By taking a forward-looking, ambitious approach to how they spend and invest, governments have significant power to foster and direct growth to be innovation-driven, inclusive and sustainable. Setting bold objectives that require public-private collaboration can work to expand private sector investment, stimulating jobs, training and productivity growth. These benefits are a byproduct of this mission-oriented investment; they are not the core objective. Done well, this approach can bring economic, social and environmental priorities into alignment.
For example, in addition to contributing to better health, education and economic outcomes for young people, well-structured investments in healthy and sustainable school meals can create a massive market opportunity for UK agriculture and food industries.
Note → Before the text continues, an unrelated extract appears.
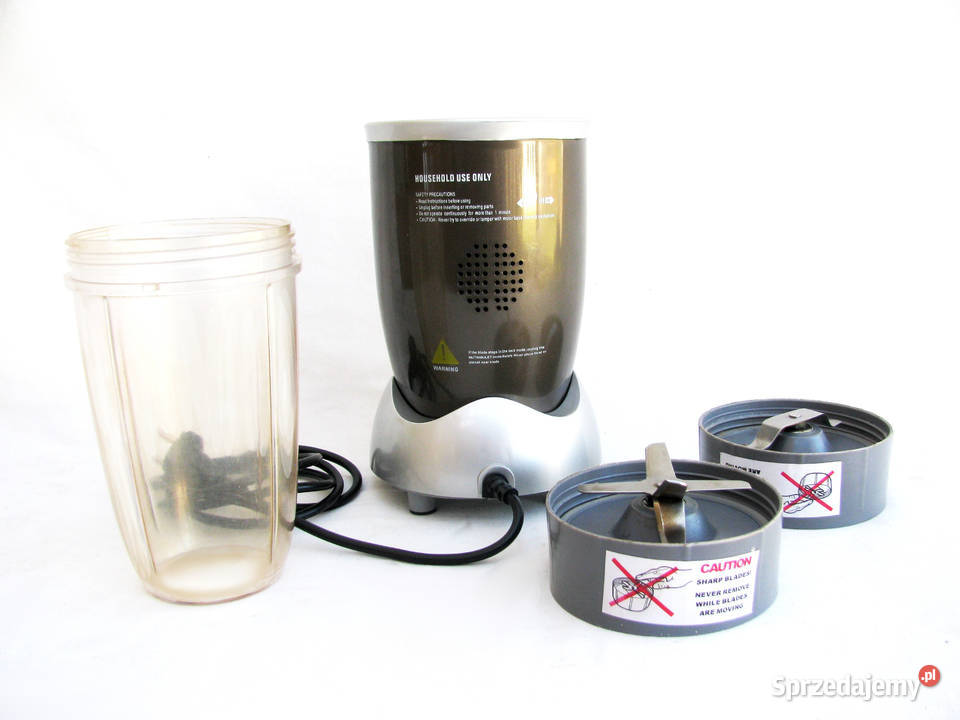BLENDER NUTRIBULLET Szczecinek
This potential to leverage school meal procurement to transform food supply chains has already been recognised in Sweden. In the UK, Starmer has so far avoided committing to free school meals for all primary schoolchildren, citing spending constraints and a focus on fixing a broken economy. Not only has Sunak ignored calls for free school meals, he is also battling claims that underinvestment in infrastructure has led to schools that are crumbling.
Instead of seeing spending on education, school meals and other priorities – such as tackling the climate emergency, health crises or the digital divide – as an expense, it should be recognised as an investment. And one that can drive innovation.
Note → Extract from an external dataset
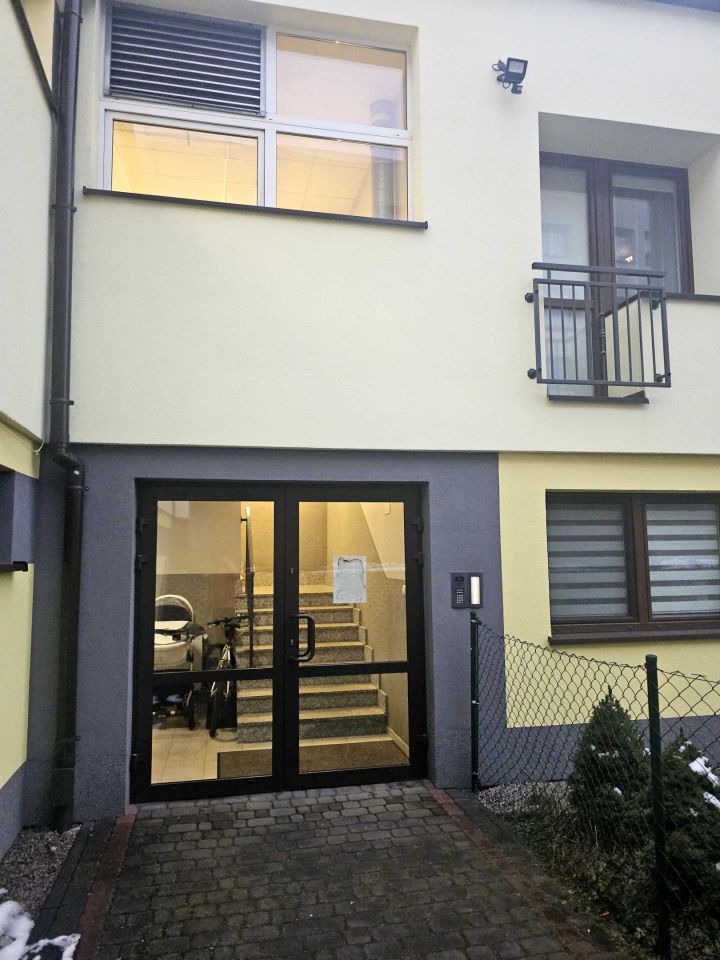 Mieszkanie 2-pokojowe Zawiercie Centrum, ul. Równa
In my 2013 book, The Entrepreneurial State: Debunking Public Vs Private Sector Myths, I made the case for governments to invest (rather than cut) their way to growth – and to do so in an entrepreneurial way that embraces the collective risk-taking needed. But, as I warned, it is vital to ensure that both risks and rewards are socialised.What was the point of government investing in the technologies that make our smartphones smart (yes, the internet, GPS, touchscreen and Siri are all fruits of government investment) if we don’t ensure that the resulting wealth is distributed rather than absorbed into massive excess profits in the private sector? A decade later, governments around the world are advancing industrial strategies, notably in the US, where the government has compared the scale of its ambitions to that of the Apollo space programme and is investing $2tn into its economy through the Bipartisan Infrastructure Law, Chips and Science Act and Inflation Reduction Act. But most still shy away from maximising the potential of these investments by bringing social and environmental objectives into alignment with industrial strategy goals. Realising this potential requires four shifts in thinking.
First, it requires setting a clear direction. Governments can orient industrial strategy investments around bold goals – such as healthy, sustainable and tasty school meals for all children – to shape economies that not only grow, but grow in ways that are designed to benefit people and the planet.
Second, governments should approach the relationship between government, business and labour in such a way that risks and rewards are equitably shared. This is about establishing a new social contract. While public-private partnerships can and should create private value, the government’s role is to maximise public value. This requires setting conditions on any benefit granted to the private sector – through grants, loans, procurement deals, tax incentives or other means – to, for example, ensure affordable prices (as with the Oxford-AstraZeneca Covid-19 vaccine during the pandemic), share profits or IP rights, require fair labour practices and carbon emissions reductions, or limit shareholder buybacks (as was done with the US Chips and Science Act) and require reinvestment in research and development or worker training.
Third, it requires citizen engagement. At a time when public disenchantment with government leadership is rife, it is all the more vital for economic strategies to benefit and resonate with the people they are ultimately for. As politicians closely watch the polls and refine their policy agendas, they should be looking for ways to meaningfully engage in a ground-up conversation with the people of Britain and really listen to them.
Finally, directing and shaping growth requires investments in dynamic public sector capabilities, tools and institutions – to build back the state’s entrepreneurial capacity. Conversely, it means avoiding the pitfalls of over-reliance on consulting firms, a tendency that the UK has repeatedly fallen victim to and is the subject of my new book, The Big Con: How the Consulting Industry Weakens our Businesses, Infantilizes our Governments and Warps our Economies. The language of cost-saving and fiscal responsibility can lead to downsizing and gutting the capacity of governments to advance ambitious strategies. This becomes a self-fulfilling prophecy: when governments outsource critical functions, they do not develop the internal skills and knowledge to manage these functions.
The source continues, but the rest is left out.